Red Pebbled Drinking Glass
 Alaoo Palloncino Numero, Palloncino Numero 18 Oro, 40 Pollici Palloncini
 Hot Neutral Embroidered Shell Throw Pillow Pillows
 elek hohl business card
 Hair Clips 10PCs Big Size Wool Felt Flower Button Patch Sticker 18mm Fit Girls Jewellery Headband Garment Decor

-=-=-

[How to complete this task] Every line from the one holding "Hot Neutral Embroidered" through the last line of the listing above should be set down exactly, and nothing more.

[Answer section]
 Hot Neutral Embroidered Shell Throw Pillow Pillows
 elek hohl business card
 Hair Clips 10PCs Big Size Wool Felt Flower Button Patch Sticker 18mm Fit Girls Jewellery Headband Garment Decor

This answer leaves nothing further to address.